Terror, wonder and the Lao Gothic?


Prospect Magazine had an article recently on Terror and the Wonder: The Gothic Imagination addressing the recent exhibition at the British Library. This in part reminded me of my disappointment in not having something to turn in to Innsmouth Free Press some time ago for their gothic anthology, and part of a larger set of questions I'd been wondering regarding the composition of a Lao or Lao American Gothic.

In a brief nutshell, the formal Gothic genre is at the moment mostly horror, fiction that incorporates tropes and elements of Romanticism. It's primarily connected to the 19th century and includes the work of Edgar Allan Poe, Mary Shelly's Frankenstein, and in some surveys, Bram Stoker's Dracula. The stories are often set in abstracted medieval trappings, particularly castles with moody, atmospheric descriptions. Its modern iterations include Southern Gothic and Steampunk Gothic, among other forms. The Shining and The Wicker Man are also often included in discussions of the genre. And of course, the famous painting American Gothic by Grant Wood with all of its imitators and homages.


There's a lot to take away from David Anderson's summation of the exhibit that could be of inspiration to Lao writers. There are certainly more than enough legends that abound to fuel the sense of the brooding dark, the lost heritage entangled among the jungle vines and swamps of the old country, crumbling, mouldering colonial estates, etc.

If we look at the Gothic's ties to Romanticism, we understand that a focus was the sense of authentically experience emotions such as horror and awe while confronting the ancient and the primeval. It was enchanted with the folk arts, medievalism and ancient rites, but also was enamored with spontaneity. In general, it was an aesthetic response to the mechanization and industrialization of society and growth of urban culture. These are things that we can certainly see brought forward in Lao art and literature.

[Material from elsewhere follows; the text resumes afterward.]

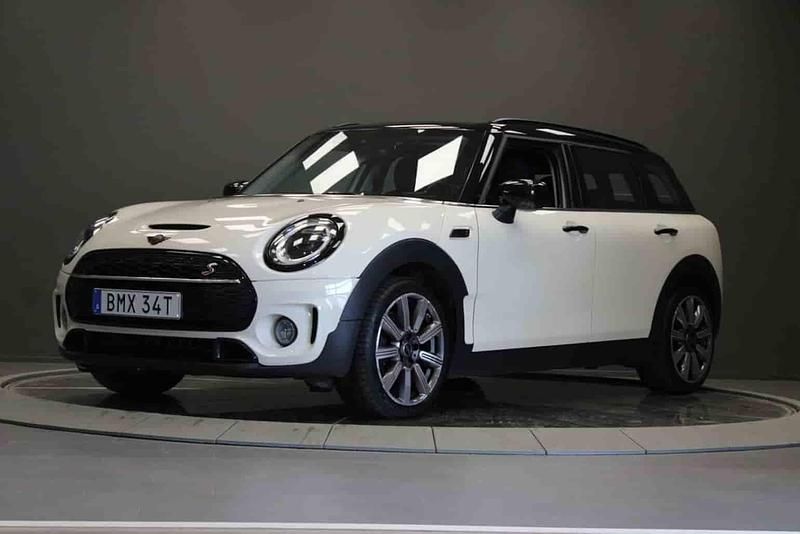 Vit Begagnad 2022 Mini Cooper S Clubman Kombi | 289 000 kr - Bild 1/1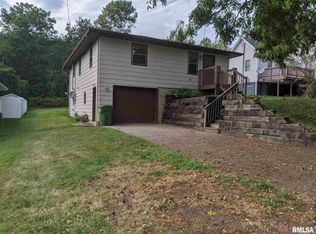 1920 N 7th St, Clinton, IA 52732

We don't have many examples of Lao art at the present that are really singing the praises of the ban nok lifestyle, getting back to nature and so on. The drive is for modernization and sophistication. We do see significant examples of Lao artists pining wistfully for the old days of the Royal Lao Family or at least, an abstracted idea of Laos as a unified kingdom.


If we take our hint for Lao Gothic from the ways Southern Gothic developed, it would mean developing eccentric characters grappling with a variety of flaws and Lao folk magic, superstition or shamanism. There are plenty of decayed or decrepit settings that have been abandoned that could set the stage.  The Southern Gothic is often focused on sordid poverty and crime, alienation, and what hardscrabble folks do to try and get out of that, even resorting to the sinister and underhanded. We might look to Thavisouk Phrasavath's Nerakhoon for a good model of how that works.

With the vast majority of Lao palm leaf manuscripts and other texts crumbling away, and with it, much of our scant history, and questions of unreliable historians and hagiographers as it is, the Lao literary scene could certainly be open to a gothic treatment. I would hope that writers refrain from casting the Lao hill tribes and other ethnicities in cliched, stereotypical roles that unduly romanticize, villainize or infantilize them, which is absolutely a significant risk in the genre.

But what else might we look for or expect from excellent examples of the Lao Gothic? And what might be the implications for Southeast Asian Gothic as a genre, by extension?